I noticed that there's a class-weight parameter, and I want to try giving my classifier the actual population distribution, and see if it helps it perform better.
However - as my train-set distribution is different, so will be my validation set, right? So should I expect an improvement on the validation, or must I use my test-set to see the improvement? And if so - isn't it against the rules to calibrate using the test-set which will lead to burning the test-set or overfitting?
I've thought about bootstrap re-sampling of my train-set: making it distribute the same as the general population, and only then training and validating my model. Is this a good solution?
Thanks!
It seems that you have some good ideas which are mostly worth trying. The answers mostly depend on the application and the size of your train/test set.

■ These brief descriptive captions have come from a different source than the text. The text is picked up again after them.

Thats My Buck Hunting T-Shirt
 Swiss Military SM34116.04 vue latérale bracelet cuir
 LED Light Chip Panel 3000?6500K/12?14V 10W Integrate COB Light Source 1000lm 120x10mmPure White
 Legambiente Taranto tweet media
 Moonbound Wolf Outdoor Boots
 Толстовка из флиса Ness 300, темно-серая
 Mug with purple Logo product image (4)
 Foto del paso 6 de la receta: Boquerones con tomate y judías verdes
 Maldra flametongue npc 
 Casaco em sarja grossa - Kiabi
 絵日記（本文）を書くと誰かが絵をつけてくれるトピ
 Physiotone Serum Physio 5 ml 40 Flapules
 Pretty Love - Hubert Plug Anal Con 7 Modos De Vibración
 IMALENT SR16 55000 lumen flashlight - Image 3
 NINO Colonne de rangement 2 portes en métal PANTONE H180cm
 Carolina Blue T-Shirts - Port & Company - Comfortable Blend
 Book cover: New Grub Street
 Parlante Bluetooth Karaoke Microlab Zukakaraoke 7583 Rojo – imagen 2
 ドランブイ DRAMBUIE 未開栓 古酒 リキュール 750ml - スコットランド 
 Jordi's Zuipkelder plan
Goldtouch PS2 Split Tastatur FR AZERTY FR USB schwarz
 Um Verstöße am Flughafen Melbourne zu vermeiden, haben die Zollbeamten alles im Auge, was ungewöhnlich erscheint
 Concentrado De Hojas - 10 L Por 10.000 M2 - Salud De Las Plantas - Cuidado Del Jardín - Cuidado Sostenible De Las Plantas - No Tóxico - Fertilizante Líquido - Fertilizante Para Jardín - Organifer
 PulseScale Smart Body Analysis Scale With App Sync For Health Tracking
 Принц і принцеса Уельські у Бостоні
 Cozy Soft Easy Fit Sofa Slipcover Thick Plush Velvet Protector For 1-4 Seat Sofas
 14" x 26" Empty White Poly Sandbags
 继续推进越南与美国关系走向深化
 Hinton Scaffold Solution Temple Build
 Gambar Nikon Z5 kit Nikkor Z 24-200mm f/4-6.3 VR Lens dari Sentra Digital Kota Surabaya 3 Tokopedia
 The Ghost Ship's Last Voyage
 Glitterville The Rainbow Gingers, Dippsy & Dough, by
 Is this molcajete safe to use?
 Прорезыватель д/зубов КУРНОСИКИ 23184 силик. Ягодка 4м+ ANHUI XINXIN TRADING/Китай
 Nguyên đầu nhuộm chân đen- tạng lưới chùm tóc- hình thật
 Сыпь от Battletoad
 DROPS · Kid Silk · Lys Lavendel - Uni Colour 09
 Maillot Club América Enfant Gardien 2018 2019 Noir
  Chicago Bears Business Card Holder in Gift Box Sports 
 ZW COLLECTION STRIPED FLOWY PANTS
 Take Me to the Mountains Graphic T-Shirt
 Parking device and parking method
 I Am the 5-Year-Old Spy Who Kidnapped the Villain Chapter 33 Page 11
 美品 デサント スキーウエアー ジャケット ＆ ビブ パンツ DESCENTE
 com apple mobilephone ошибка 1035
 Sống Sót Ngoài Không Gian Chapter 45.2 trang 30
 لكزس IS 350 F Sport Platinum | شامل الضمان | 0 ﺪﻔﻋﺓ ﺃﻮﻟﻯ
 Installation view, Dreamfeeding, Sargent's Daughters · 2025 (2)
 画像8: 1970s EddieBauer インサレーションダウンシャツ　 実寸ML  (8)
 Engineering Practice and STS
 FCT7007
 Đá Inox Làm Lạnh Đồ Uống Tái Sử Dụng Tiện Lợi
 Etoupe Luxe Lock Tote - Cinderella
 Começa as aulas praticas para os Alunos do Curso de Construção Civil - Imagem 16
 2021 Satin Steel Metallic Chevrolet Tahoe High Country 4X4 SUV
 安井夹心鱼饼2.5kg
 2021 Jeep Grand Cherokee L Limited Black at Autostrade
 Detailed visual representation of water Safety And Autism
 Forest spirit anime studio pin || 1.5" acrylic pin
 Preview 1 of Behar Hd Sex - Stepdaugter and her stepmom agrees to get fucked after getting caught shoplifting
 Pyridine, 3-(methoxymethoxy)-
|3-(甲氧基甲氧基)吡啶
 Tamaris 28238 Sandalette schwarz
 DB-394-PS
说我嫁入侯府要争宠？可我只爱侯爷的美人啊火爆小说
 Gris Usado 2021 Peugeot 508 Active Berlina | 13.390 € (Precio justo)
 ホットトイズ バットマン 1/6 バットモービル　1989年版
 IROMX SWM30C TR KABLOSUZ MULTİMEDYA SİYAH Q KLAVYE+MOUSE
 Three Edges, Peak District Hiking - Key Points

It is against the rules to calibrate based on test set and again use the whole test set for evaluation. However, if your test set is large enough, you can always divide your test set to two sets: validation set, and actual test set. Then, your final evaluation will be based on a smaller test set, which might be still acceptable depending on the application.
For your training set that you believe it has different class distribution than the actual population, there might be several things worth trying. Usually the most acceptable approach is to use a classifier that can handle these differences (usually with fewer parameters to avoid over-fitting). There is a whole topic of classification and regression on skewed datasets that you can look through. Other than the classifier, provided that you did not derive the actual population from your test set, the methods below might help too:
1- One of them can be (as you said) bootstrap re-sampling in case that your training set is large enough for that.
2- Another approach can be generating more training samples by adding some noise to the current samples of the training set. For example if you are classifying images of birds, you can randomly make images darker or brighter, or randomly move them a few pixels to the sides or up and down (select values randomly in a small enough range). This way, you can add to the training set in a way to get the desired distribution.